Chapter 3: Promises
In Chapter 2, we identified two major categories of deficiencies with using callbacks to express program asynchrony and manage concurrency: lack of sequentiality and lack of trustability. Now that we understand the problems more intimately, it’s time we turn our attention to patterns that can address them.
The issue we want to address first is the inversion of control, the trust that is so fragilely held and so easily lost.
Recall that we wrap up the continuation of our program in a callback function, and hand that callback over to another party (potentially even external code) and just cross our fingers that it will do the right thing with the invocation of the callback.
We do this because we want to say, “here’s what happens later, after the current step finishes.”

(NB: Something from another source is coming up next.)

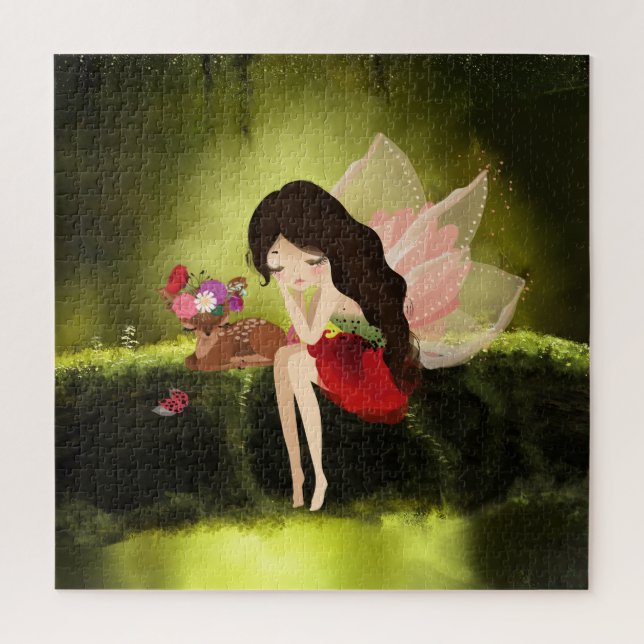 Pretty Fairy And Deer Enchanted Forest  Jigsaw Puzzle (Vertical)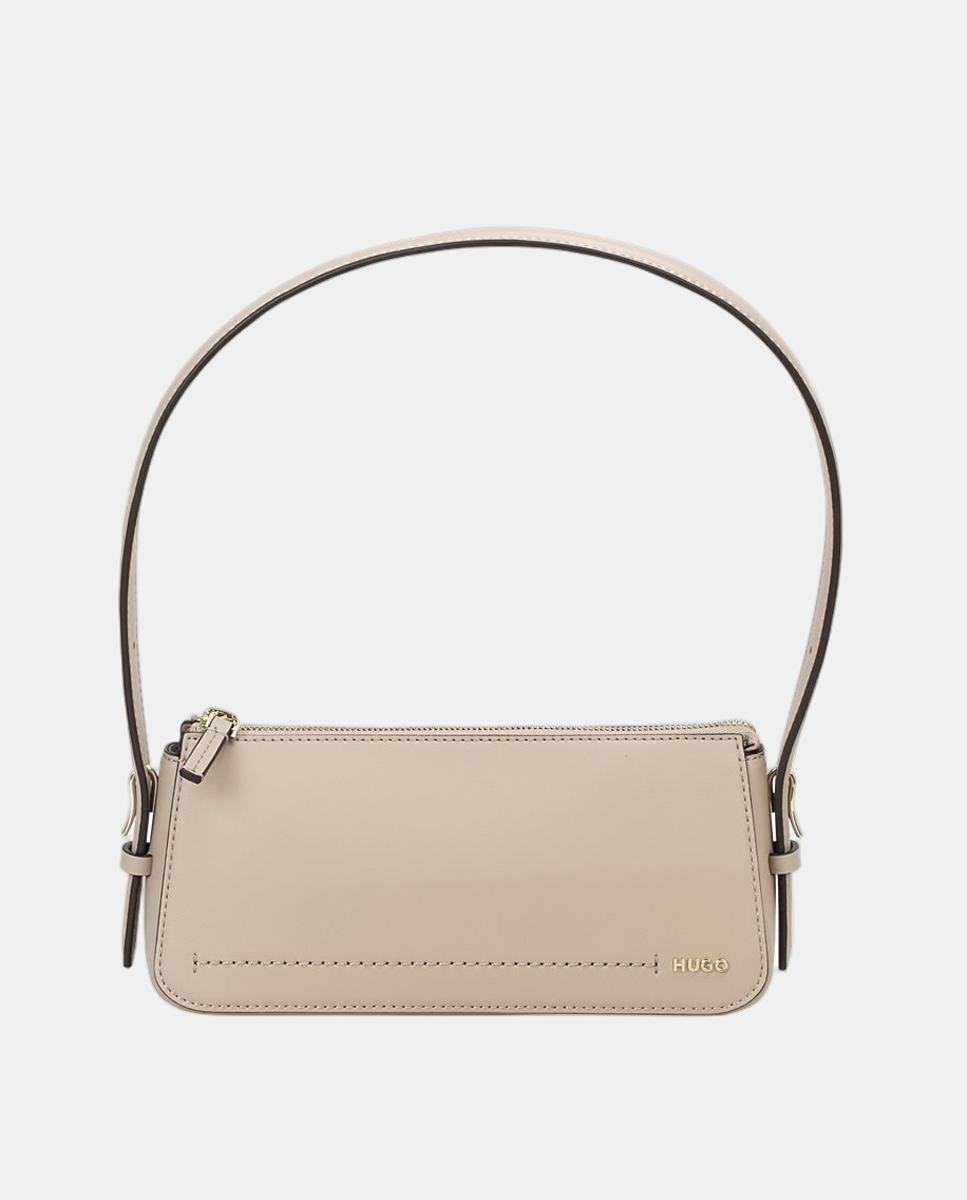 Bolso de hombro con cierre de cremallera totalmente forrado - Hugo - Beige Beige-1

But what if we could uninvert that inversion of control? What if instead of handing the continuation of our program to another party, we could expect it to return us a capability to know when its task finishes, and then our code could decide what to do next?
This paradigm is called Promises.
Promises are starting to take the JS world by storm, as developers and specification writers alike desperately seek to untangle the insanity of callback hell in their code/design. In fact, most new async APIs being added to JS/DOM platform are being built on Promises. So it’s probably a good idea to dig in and learn them, don’t you think!?
Note: The word “immediately” will be used frequently in this chapter, generally to refer to some Promise resolution action. However, in essentially all cases, “immediately” means in terms of the Job queue behavior (see Chapter 1), not in the strictly synchronous now sense.